Re: pgbench and timestamps (bounced)

2021-01-13 Thread Tom Lane
Fabien COELHO  writes:
>> What remains that we could do now, and perhaps back-patch, is point (2)
>> i.e. disallow digits as the first character of a pgbench variable name.

> I'm fine with that.

>> That would be enough to "solve" the original bug report, and it does seem
>> like it could be back-patched, while we're certainly not going to risk
>> back-patching anything as portability-fraught as introducing mutexes.

> Sure.

OK.  I've pushed a patch that just does that much, and marked the
commitfest entry closed.  After the other thing lands, please rebase
and resubmit what remains of this patch.

regards, tom lane




Re: pgbench and timestamps (bounced)

2021-01-13 Thread Fabien COELHO



Hello Tom,


Hi, this entry is "Waiting on Author" and the thread was inactive for a
while. I see this discussion still has some open questions. Are you
going to continue working on it, or should I mark it as "returned with
feedback" until a better time?



IMHO the proposed fix is reasonable and addresses the issue.
I have responded to Tom's remarks about it, and it is waiting for his
answer to my counter arguments. So ISTM that the patch is currently still
waiting for some feedback.


It looks like my unhappiness with injecting a pthread dependency into
pgbench is going to be overtaken by events in the "option delaying
queries" thread [1].  However, by the same token there are some conflicts
between the two patchsets, and also I prefer the other thread's approach
to portability (i.e. do it honestly, not with a private portability layer
in pgbench.c).  So I'm inclined to put the parts of this patch that
require pthreads on hold till that lands.

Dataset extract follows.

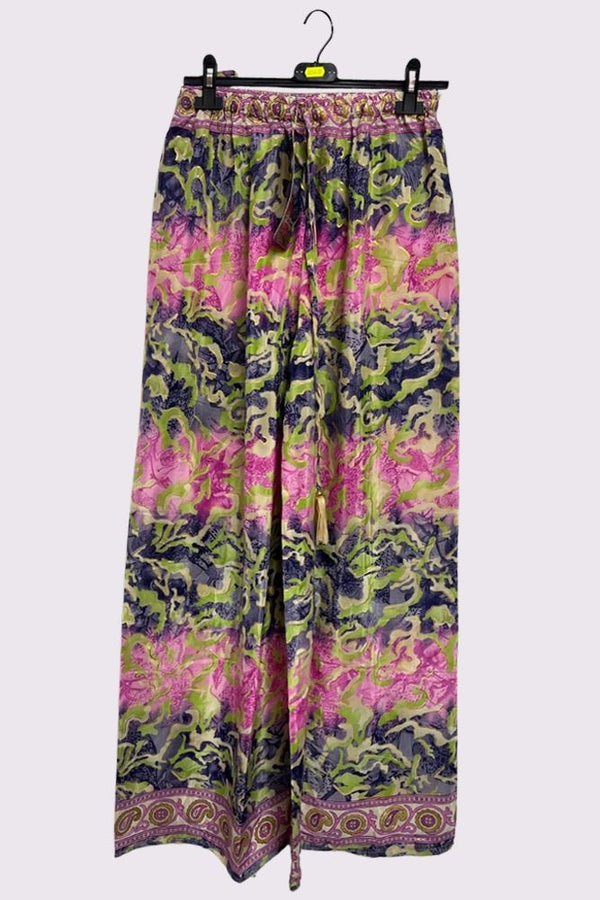 Tie Dye Tropical Leaf Print Wide Leg Trousers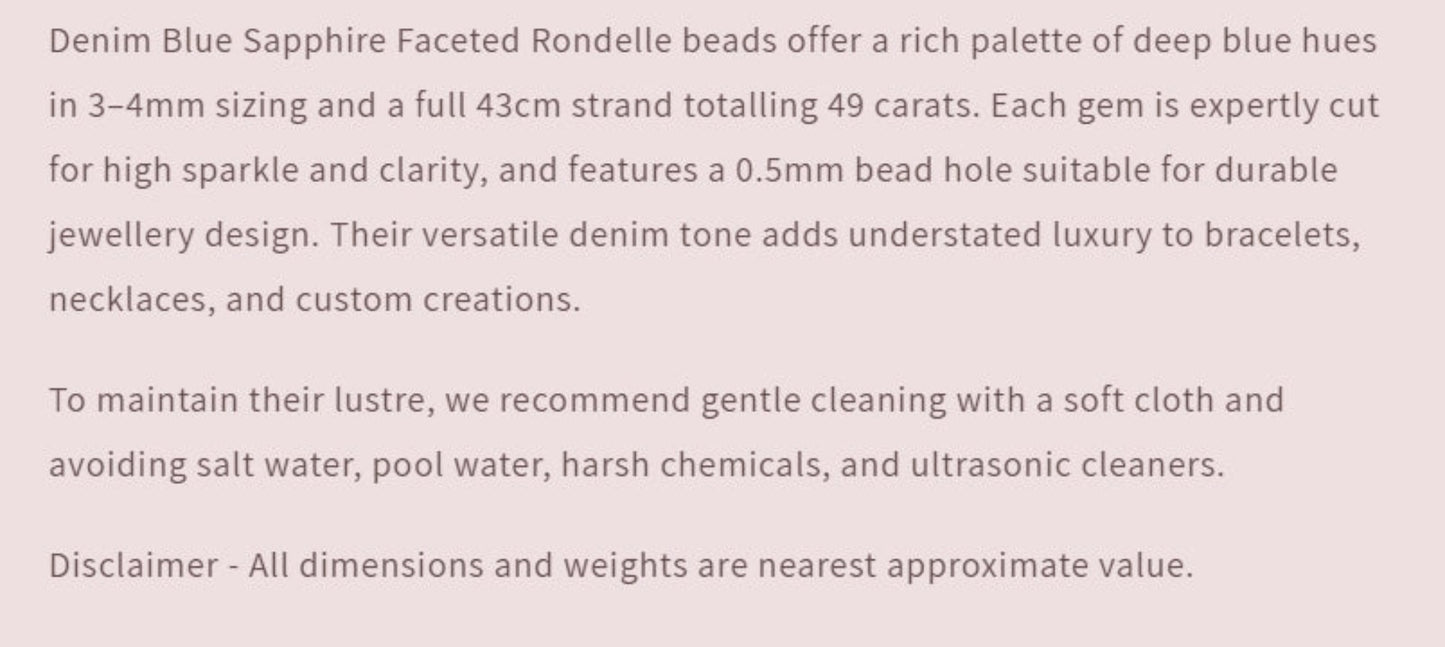 Text describing the product details of the gemstone beads , as seen on the Australian owned Melbourne Gemstone Beads shop.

Ok. This is fair enough. Portability is a pain thanks to Windows vs MacOS 
vs Linux approaches of implementing or not a standard.



What remains that we could do now, and perhaps back-patch, is point (2)
i.e. disallow digits as the first character of a pgbench variable name.


I'm fine with that.


That would be enough to "solve" the original bug report, and it does seem
like it could be back-patched, while we're certainly not going to risk
back-patching anything as portability-fraught as introducing mutexes.


Sure.

I'm unable to do much pg work at the moment, but this should be eased 
quite soon.



[1] 
https://www.postgresql.org/message-id/flat/20200227180100.zyvjwzcpiokfsqm2%40alap3.anarazel.de


--
Fabien Coelho - CRI, MINES ParisTech




Re: pgbench and timestamps (bounced)

2021-01-12 Thread Tom Lane
Fabien COELHO  writes:
>> Hi, this entry is "Waiting on Author" and the thread was inactive for a 
>> while. I see this discussion still has some open questions. Are you 
>> going to continue working on it, or should I mark it as "returned with 
>> feedback" until a better time?

> IMHO the proposed fix is reasonable and addresses the issue.
> I have responded to Tom's remarks about it, and it is waiting for his 
> answer to my counter arguments. So ISTM that the patch is currently still 
> waiting for some feedback.

It looks like my unhappiness with injecting a pthread dependency into
pgbench is going to be overtaken by events in the "option delaying
queries" thread [1].  However, by the same token there are some conflicts
between the two patchsets, and also I prefer the other thread's approach
to portability (i.e. do it honestly, not with a private portability layer
in pgbench.c).  So I'm inclined to put the parts of this patch that
require pthreads on hold till that lands.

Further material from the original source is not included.